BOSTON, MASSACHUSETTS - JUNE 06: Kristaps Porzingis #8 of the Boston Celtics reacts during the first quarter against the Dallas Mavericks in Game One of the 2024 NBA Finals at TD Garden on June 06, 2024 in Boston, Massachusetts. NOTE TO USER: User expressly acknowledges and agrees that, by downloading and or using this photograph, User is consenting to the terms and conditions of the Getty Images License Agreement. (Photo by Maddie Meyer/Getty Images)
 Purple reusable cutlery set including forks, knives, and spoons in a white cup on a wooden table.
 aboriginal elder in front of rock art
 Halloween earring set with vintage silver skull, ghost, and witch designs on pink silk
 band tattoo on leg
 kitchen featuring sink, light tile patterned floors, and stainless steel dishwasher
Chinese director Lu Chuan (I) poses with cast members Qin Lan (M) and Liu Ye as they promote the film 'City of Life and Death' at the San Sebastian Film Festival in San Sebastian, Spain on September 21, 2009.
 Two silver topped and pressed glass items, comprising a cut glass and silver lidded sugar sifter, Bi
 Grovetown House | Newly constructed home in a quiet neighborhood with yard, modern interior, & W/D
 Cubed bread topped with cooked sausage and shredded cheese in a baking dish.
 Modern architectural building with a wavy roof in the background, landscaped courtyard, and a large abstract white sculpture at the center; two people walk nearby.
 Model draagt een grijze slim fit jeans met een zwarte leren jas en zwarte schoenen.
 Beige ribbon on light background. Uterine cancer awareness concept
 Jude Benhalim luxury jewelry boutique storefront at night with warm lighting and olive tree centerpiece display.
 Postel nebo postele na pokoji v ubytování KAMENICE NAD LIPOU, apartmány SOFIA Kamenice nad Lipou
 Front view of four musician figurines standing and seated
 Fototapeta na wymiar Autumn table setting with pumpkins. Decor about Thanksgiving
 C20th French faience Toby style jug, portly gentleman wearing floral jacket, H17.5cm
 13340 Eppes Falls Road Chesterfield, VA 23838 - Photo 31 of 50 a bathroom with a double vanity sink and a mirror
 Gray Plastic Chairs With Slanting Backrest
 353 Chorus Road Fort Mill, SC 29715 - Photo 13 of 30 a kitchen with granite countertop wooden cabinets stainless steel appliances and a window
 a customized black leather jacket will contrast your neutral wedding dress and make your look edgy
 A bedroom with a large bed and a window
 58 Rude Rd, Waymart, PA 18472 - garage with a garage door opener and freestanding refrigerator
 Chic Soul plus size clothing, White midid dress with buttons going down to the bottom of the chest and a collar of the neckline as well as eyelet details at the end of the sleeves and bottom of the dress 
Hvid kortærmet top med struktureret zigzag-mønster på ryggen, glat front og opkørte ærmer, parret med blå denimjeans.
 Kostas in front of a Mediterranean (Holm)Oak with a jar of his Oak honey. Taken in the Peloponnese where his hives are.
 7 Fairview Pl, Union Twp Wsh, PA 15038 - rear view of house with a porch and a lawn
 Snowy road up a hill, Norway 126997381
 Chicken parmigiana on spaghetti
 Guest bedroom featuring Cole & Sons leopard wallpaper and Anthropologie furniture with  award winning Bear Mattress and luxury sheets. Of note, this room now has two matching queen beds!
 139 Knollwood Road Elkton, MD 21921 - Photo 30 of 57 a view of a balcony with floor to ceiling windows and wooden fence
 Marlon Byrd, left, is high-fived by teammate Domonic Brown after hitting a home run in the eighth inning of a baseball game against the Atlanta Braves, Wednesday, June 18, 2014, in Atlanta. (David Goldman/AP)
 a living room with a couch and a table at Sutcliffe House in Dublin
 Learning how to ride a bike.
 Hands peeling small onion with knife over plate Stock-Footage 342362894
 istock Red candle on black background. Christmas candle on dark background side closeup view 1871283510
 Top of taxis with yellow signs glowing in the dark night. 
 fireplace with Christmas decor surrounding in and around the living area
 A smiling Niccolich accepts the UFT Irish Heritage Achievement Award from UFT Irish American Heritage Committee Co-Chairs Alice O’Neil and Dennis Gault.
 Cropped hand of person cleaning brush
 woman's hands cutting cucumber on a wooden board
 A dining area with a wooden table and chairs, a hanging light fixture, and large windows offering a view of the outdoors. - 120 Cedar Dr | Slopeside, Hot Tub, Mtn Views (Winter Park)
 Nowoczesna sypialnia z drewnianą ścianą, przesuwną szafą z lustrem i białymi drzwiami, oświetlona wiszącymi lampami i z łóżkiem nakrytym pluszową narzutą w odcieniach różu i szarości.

•••••

_WHAT THE TASK REQUIRES_
Starting at the line that has "a living room" in the records above, restate word for word every line until the one that has "Cropped hand of person cleaning brush", and include that one as well.

_RESPONSE BOX_
 a living room with a couch and a table at Sutcliffe House in Dublin
 Learning how to ride a bike.
 Hands peeling small onion with knife over plate Stock-Footage 342362894
 istock Red candle on black background. Christmas candle on dark background side closeup view 1871283510
 Top of taxis with yellow signs glowing in the dark night. 
 fireplace with Christmas decor surrounding in and around the living area
 A smiling Niccolich accepts the UFT Irish Heritage Achievement Award from UFT Irish American Heritage Committee Co-Chairs Alice O’Neil and Dennis Gault.
 Cropped hand of person cleaning brush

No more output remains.